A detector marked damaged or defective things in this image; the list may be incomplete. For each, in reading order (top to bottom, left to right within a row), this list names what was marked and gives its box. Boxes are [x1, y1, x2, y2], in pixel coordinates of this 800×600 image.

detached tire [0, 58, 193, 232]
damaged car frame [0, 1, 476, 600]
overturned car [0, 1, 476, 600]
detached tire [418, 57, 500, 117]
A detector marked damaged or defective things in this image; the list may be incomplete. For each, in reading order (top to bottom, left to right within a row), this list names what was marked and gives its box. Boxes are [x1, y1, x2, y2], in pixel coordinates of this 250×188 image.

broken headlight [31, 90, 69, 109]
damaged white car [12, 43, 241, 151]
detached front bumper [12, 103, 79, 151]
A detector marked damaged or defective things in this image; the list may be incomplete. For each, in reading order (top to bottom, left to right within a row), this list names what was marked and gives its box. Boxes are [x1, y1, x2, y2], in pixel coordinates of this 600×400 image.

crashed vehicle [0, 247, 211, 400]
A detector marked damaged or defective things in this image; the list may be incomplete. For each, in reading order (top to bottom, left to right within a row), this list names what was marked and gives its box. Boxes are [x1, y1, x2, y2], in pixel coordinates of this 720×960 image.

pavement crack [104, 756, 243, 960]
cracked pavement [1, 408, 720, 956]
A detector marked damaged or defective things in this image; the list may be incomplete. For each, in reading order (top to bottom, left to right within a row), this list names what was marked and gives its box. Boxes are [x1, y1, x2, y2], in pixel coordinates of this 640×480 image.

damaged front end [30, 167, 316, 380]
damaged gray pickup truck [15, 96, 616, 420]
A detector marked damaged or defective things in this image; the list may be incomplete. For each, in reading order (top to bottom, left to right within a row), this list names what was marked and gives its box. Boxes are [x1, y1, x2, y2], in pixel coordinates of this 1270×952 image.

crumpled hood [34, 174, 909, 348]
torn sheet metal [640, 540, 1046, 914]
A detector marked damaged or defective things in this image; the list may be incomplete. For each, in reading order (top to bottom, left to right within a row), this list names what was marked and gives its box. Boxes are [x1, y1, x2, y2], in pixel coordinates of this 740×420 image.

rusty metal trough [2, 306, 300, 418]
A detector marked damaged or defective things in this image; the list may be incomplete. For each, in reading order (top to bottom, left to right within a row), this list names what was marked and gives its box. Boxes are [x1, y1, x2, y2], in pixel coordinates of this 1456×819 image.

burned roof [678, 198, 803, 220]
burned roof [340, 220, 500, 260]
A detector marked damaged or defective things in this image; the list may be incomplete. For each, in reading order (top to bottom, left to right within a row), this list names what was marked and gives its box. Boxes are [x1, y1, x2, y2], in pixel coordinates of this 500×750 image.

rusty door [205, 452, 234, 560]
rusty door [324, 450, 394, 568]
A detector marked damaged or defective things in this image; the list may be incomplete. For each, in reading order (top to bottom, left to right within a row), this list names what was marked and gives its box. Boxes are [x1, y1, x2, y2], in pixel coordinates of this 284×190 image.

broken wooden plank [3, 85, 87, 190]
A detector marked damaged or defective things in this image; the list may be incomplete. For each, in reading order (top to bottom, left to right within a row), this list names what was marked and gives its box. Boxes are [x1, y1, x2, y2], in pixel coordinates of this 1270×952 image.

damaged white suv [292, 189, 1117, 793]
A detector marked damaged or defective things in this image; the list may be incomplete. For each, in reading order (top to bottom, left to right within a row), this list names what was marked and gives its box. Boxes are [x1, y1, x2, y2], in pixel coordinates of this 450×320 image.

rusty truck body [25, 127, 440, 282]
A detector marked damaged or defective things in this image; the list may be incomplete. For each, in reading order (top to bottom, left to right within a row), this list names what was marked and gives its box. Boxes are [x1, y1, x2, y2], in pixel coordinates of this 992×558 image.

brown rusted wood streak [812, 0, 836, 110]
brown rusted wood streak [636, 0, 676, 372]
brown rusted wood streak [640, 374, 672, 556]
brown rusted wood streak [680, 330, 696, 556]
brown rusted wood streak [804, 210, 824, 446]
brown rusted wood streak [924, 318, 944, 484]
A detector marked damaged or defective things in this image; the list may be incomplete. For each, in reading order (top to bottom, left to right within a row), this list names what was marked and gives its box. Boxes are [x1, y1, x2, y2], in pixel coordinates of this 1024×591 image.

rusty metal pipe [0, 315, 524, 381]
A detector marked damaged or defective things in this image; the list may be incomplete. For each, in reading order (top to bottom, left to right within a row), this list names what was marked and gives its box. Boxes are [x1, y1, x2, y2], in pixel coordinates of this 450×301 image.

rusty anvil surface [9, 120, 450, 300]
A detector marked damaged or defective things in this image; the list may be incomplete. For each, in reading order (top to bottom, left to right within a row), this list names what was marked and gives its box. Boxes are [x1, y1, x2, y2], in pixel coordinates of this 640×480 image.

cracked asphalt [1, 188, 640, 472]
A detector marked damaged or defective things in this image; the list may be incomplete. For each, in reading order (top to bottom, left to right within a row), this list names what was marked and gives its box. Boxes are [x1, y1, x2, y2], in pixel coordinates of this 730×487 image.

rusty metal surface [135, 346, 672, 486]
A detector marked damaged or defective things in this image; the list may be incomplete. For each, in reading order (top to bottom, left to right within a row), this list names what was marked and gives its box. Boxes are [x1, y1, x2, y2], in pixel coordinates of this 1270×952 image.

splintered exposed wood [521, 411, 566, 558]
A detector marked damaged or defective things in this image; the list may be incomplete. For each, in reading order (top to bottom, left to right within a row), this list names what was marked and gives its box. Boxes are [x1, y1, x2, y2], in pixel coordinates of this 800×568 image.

==================================================

• Work item: An exact repeat of the lines from the one containing "this 730×487 image." through the final line of the entries is the whole answer.

• Task answer:
A detector marked damaged or defective things in this image; the list may be incomplete. For each, in reading order (top to bottom, left to right within a row), this list names what was marked and gives its box. Boxes are [x1, y1, x2, y2], in pixel coordinates of this 730×487 image.

rusty metal surface [135, 346, 672, 486]
A detector marked damaged or defective things in this image; the list may be incomplete. For each, in reading order (top to bottom, left to right within a row), this list names what was marked and gives its box. Boxes are [x1, y1, x2, y2], in pixel coordinates of this 1270×952 image.

splintered exposed wood [521, 411, 566, 558]
A detector marked damaged or defective things in this image; the list may be incomplete. For each, in reading order (top to bottom, left to right within a row), this list names what was marked and gives its box. Boxes are [x1, y1, x2, y2], in pixel coordinates of this 800×568 image.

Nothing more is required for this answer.